François Mignet and Jean-Charles Lacretelle had considerably less credibility than Jomini as original sources, but they perpetuated the story and did so in more accessible books than Jomini’s dry tome. Both authors were French, neither had been involved in the war, both published their patriotic volumes shortly after the death of Napoleon in 1821, and their accounts of the Texel Roads action closely followed that of Jomini.

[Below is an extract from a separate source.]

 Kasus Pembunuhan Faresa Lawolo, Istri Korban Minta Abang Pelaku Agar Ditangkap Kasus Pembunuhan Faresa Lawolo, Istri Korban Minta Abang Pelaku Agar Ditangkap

Mignet (1796-1884) and Lacretelle (1766-1855) published extensive accounts of the revolutionary wars in 1824 and 1825, respectively. Mignet, born more than a year after the controversial incident, wrote at length about the Revolution and the Napoleonic years with a positive slant on the French and their conquests. Mignet, who grew up in the French Empire without having performed military service, relied on prior written accounts. Both his objectivity and scope were therefore limited in a time when reliable witnesses could still have been interviewed. Mignet provided no additions or modifications to Jomini’s story in his Histoire de la Revolution Française, and thus served merely to perpetuate what was now becoming a well-known account.

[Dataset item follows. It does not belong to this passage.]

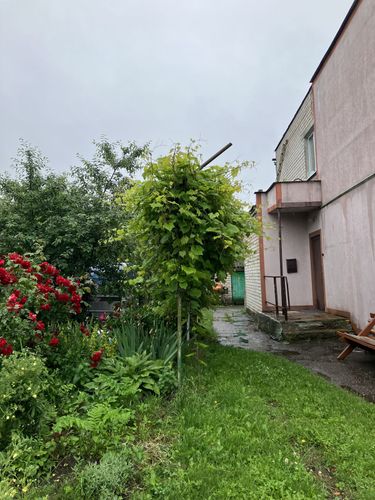 Фото 3: Квартира посуточно — 2-комнатная квартира на Парковой улице в Несвиже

Lacretelle, however, was precisely the type of writer one would expect to be, if not objective, biased against the revolutionaries. He began his career as a Royalist newspaper reporter and allowed his pro-monarchy feelings to be printed about the trial and execution of Louis XVI. His views questioned the legality and civility of the action, leaving him exposed to the dangers of the Reign of Terror.
To escape capture, he went into hiding by joining the French army under a false name, but his identity was discovered in 1797, and he served two years in prison. Though slated for execution, he had powerful allies who managed to keep him low on the list of priorities until Napoleon assumed power. When released in 1799, Lacretelle embarked on his final career, becoming a historian.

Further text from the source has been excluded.